Tutto gli veniva facile. Anche troppo. Così in molti avevano iniziato a prevedere un futuro scintillante. Ma nessuna parola è più vuota di “predestinato”. Soprattutto nel calcio. Perché sottintende che il talento sia un dono divino, un superpotere da usare a proprio piacimento e senza sforzi. Solo che più grande è il genio, più è grande la autodistruttiva che si porta dietro. Zirkzee se n’è accorto a Parma. Qualche partita e poi i problemi al ginocchio che hanno trasformato la sua stagione in un rebus. Quattro presenze. Zero gol. Potenziale sconfinato, concretezza ridotta all’osso. D’un tratto Joshua si era ritrovato a dover rifare tutto daccapo. Era ripartito dall’Anderlecht, un club non esattamente al centro dell’impero. E lì aveva assunto le sembianze del Jesus of Suburbia, il signore dei sobborghi cantato dai Green Day. Trentotto partite, sedici gol, una quantità sterminata di giocate da sgranare gli occhi. La prima stagione a Bologna è stata di adattamento. Joshua aveva davanti Arnautovic. E ha fatto con l’austriaco quello che aveva fatto al Bayern Monaco con Lewandowski. Ha osservato. Ha appreso. Ha reinterpretato.

“Non mi vergogno a dire che quando Arnautovic è andato all’Inter sono stato contento, si era liberato un posto” ha detto alla Gazzetta dello Sport. Ci è voluto poco per capire che aveva ragione. In 12 partite, tutte da titolare, ha segnato 4 reti e ha servito due assist. Entrambi a Ferguson, entrambi frutto della sua capacità di arretrare per giocare di sponda o per aprire gli spazi per gli inserimenti dei compagni. Il gol segnato contro l’Inter è qualcosa di molto vicino a una gemma. Controllo d’esterno in corsa. Prima piroetta. Seconda piroetta. Colpo da biliardo.
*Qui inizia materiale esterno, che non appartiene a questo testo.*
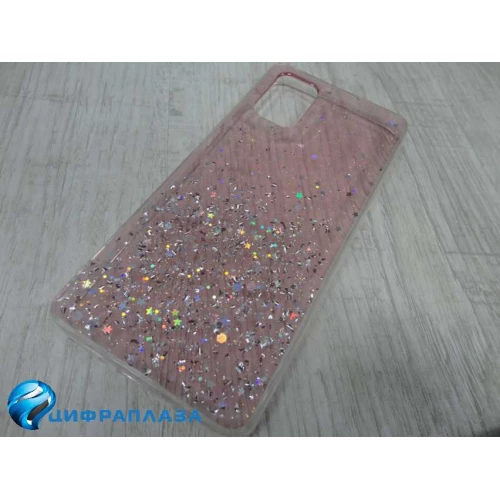 Чехол силиконовый Samsung M31S звездопад розовый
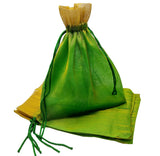 brown leaf Organza Metallic Green 9.5x7.5 Inch Potli Bags Pouch Best for Wedding Anniversary Party Supply Return Gifting Bags (P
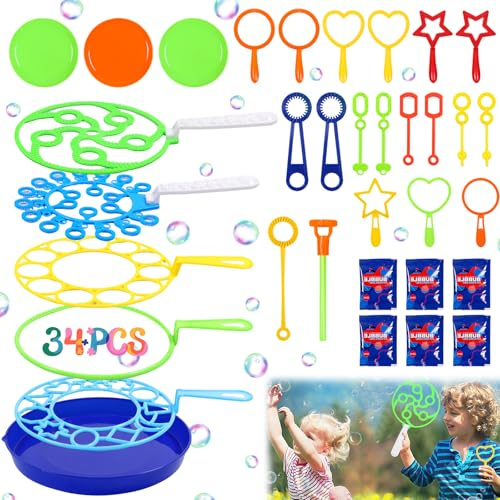 Kit de Pompas de Jabon, 34 Piezas Varita de Burbujas Juego de Pompas Gigantes de Jabón para Niños, Pomperos de Jabón, Juegos al Aire Libre para Niños, Playa, Picnic, Fiestas, Cumpleaños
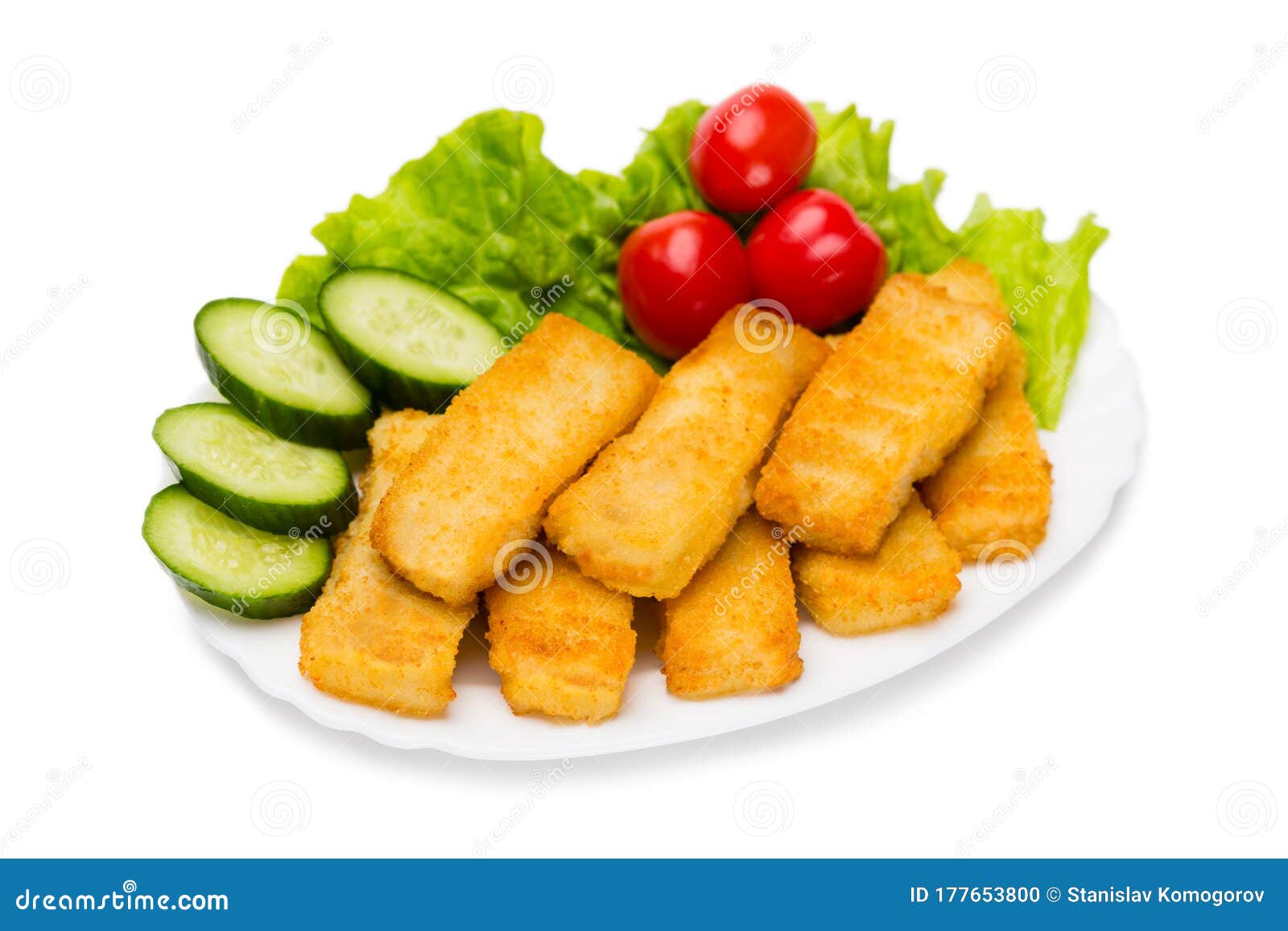 Grilled Fish Fingers with Vegetables Stock Photo Image of meat, nutrition 177653800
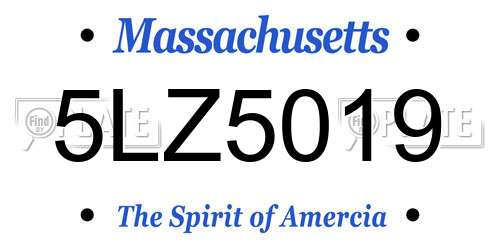 5LZ5019 Massachusetts License Plate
E palla che si strofina contro la rete. È la perfetta negazione di quella frase che veniva ripetuta qualche anno fa per giustificare il gioco duro e irruento: “This is football, not ballet”. Per Zirzkee non è così. Il suo è calcio, ma anche balletto. Contemporaneamente. Vedere per credere la partita contro il Cagliari, quando quella sua danza leggiadra, quel suo modo di avvitarsi su se stesso per difendere il pallone e aprirsi lo spazio è stato elevato a sistema creando almeno tre occasioni da rete (prima del gol realizzato dallo stesso Zirkzee). È presto per capire se Joshua diventerà davvero come Zlatan, ma per il momento l’olandese è insieme a Soulé il giovane più interessante da seguire in questa Serie A. Una folata di vento fresco in un campionato paludato ormai da troppo tempo.